EXERCISE DESCRIPTION: Count, in the data that follows, every line with the string "Maison", and give that count as the whole reply.
PROVIDED ENTRIES Block Start
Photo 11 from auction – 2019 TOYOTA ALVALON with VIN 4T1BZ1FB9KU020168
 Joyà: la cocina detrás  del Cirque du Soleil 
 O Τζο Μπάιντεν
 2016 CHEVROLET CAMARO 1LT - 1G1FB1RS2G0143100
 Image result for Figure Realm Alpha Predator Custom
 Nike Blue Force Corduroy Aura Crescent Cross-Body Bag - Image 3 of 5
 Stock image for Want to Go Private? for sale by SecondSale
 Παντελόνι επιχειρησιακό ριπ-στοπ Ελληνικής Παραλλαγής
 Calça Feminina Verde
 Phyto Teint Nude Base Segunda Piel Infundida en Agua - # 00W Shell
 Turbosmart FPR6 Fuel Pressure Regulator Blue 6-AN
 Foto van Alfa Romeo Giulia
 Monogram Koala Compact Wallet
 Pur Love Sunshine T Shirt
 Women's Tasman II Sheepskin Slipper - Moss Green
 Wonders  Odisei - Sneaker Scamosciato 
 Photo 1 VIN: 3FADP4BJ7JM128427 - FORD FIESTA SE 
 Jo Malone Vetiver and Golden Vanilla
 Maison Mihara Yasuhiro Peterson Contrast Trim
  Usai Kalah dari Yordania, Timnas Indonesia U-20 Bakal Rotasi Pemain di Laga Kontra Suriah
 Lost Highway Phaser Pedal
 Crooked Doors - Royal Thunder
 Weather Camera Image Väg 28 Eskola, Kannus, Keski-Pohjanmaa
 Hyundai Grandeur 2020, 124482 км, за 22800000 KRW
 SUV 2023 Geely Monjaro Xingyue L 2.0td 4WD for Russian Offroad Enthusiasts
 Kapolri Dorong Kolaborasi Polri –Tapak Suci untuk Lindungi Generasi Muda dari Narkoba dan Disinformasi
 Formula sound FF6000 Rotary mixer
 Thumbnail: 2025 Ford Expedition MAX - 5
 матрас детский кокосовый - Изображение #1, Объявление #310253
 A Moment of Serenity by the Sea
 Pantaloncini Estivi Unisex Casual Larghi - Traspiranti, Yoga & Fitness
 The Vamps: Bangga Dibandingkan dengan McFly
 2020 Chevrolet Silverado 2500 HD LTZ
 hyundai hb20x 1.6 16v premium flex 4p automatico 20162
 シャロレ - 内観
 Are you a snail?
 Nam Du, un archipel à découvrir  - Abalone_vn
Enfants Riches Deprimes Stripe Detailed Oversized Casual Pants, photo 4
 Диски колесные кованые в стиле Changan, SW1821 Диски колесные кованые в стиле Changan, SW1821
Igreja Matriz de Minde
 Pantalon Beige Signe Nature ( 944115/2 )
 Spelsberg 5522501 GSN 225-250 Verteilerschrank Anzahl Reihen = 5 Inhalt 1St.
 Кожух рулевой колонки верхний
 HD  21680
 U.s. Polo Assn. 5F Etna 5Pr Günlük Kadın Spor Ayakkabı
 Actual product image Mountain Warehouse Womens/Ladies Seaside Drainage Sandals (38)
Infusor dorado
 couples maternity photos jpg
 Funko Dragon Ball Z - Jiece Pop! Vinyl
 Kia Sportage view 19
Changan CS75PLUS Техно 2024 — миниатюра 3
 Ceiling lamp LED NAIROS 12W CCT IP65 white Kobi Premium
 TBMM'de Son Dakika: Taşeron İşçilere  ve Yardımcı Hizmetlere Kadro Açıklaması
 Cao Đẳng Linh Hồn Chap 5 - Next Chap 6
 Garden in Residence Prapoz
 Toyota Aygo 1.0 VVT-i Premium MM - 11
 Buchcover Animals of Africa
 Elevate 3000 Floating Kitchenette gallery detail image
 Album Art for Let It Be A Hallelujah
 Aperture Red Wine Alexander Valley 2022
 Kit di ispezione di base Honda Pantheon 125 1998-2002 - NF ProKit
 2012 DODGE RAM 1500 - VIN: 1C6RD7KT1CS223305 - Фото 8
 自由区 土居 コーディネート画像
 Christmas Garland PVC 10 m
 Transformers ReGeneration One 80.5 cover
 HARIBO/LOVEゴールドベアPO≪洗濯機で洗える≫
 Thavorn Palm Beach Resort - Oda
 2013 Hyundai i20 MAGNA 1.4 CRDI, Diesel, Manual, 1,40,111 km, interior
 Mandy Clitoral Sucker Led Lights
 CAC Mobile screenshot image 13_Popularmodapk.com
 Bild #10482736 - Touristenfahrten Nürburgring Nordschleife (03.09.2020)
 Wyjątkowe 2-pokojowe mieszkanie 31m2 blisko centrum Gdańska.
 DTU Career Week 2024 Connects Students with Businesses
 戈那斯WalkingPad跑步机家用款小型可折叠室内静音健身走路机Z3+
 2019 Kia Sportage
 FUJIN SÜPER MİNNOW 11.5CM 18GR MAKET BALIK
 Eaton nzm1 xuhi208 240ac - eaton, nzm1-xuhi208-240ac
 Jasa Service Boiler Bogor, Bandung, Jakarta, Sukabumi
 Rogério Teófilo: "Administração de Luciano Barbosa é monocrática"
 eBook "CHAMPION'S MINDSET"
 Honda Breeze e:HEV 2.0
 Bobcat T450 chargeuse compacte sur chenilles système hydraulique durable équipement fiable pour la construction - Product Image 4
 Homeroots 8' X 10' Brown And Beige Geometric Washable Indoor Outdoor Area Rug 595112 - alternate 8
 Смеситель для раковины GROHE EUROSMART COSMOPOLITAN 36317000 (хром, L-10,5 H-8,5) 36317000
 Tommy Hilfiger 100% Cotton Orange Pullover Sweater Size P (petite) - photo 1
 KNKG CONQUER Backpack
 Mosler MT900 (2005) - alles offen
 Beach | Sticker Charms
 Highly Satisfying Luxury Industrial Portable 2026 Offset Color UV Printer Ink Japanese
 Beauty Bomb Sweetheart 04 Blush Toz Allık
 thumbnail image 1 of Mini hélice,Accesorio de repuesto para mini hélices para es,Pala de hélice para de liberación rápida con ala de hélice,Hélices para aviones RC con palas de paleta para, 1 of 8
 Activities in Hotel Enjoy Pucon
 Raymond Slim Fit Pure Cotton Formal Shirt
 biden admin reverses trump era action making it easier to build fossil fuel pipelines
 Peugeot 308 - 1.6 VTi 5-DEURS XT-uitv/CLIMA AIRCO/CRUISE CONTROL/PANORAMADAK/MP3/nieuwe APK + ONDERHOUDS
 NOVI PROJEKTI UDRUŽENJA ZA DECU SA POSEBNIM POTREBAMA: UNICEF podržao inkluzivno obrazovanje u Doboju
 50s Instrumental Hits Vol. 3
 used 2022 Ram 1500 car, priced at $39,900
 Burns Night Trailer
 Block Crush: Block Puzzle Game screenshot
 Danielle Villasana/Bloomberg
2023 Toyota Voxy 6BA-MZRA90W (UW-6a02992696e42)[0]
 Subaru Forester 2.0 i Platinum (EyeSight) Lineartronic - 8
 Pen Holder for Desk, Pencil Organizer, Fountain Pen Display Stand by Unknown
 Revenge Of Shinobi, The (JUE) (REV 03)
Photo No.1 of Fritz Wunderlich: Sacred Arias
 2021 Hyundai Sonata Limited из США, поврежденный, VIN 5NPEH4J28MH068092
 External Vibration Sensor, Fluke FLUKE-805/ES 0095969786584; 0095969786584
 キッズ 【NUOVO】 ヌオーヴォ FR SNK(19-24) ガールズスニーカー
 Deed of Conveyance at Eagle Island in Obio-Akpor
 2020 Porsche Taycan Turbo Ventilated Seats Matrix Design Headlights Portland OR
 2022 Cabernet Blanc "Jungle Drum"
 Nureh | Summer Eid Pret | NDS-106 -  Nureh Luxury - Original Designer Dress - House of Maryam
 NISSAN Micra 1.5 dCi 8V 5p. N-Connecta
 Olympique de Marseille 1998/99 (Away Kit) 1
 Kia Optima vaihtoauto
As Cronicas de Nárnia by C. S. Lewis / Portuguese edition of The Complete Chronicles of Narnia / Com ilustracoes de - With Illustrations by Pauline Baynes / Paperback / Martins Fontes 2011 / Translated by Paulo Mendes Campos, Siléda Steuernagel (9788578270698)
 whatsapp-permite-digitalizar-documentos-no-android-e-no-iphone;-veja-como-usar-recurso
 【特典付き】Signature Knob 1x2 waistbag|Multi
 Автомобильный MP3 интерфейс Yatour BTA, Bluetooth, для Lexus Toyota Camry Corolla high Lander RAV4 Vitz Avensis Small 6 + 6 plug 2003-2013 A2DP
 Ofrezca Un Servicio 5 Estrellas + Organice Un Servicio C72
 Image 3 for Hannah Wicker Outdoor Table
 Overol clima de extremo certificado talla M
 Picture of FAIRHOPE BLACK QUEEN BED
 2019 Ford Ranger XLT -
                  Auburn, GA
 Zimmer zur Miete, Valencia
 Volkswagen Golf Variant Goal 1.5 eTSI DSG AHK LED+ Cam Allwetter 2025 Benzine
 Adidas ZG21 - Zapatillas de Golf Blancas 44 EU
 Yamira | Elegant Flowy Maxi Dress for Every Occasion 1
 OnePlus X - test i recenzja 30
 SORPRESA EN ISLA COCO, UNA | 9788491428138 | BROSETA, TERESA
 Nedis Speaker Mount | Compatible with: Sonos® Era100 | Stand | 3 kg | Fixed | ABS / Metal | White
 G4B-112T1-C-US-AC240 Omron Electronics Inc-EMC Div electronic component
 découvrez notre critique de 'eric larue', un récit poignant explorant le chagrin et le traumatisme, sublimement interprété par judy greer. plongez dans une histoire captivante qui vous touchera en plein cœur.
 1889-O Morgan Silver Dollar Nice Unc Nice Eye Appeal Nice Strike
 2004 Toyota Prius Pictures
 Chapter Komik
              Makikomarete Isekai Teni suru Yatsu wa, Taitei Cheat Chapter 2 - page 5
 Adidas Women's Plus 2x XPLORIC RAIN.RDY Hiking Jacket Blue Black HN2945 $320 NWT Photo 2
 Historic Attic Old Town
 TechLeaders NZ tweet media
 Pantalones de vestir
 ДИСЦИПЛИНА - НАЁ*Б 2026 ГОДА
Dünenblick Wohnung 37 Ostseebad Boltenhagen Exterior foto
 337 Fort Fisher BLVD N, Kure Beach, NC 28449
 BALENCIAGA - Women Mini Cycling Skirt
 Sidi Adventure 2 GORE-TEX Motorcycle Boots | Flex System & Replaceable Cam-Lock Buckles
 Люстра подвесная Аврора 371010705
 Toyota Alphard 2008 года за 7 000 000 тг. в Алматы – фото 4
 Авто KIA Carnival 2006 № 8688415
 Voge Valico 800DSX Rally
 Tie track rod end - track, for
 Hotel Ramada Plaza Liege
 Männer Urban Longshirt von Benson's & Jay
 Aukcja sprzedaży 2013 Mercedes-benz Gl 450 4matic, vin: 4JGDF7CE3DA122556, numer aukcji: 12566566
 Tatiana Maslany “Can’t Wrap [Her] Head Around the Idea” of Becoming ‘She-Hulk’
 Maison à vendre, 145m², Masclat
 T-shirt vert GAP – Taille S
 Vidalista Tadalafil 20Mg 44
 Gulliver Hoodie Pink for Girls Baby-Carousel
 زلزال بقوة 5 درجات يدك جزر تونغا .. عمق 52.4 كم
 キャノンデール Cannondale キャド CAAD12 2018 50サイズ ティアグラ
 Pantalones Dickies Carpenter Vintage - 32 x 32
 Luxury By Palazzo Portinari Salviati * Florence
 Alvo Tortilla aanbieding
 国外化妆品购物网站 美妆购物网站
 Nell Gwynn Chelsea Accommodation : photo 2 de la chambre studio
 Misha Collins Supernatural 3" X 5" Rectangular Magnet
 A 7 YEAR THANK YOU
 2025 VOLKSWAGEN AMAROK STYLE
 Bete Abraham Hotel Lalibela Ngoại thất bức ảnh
PROVIDED ENTRIES Block End
TASK RESULT: 2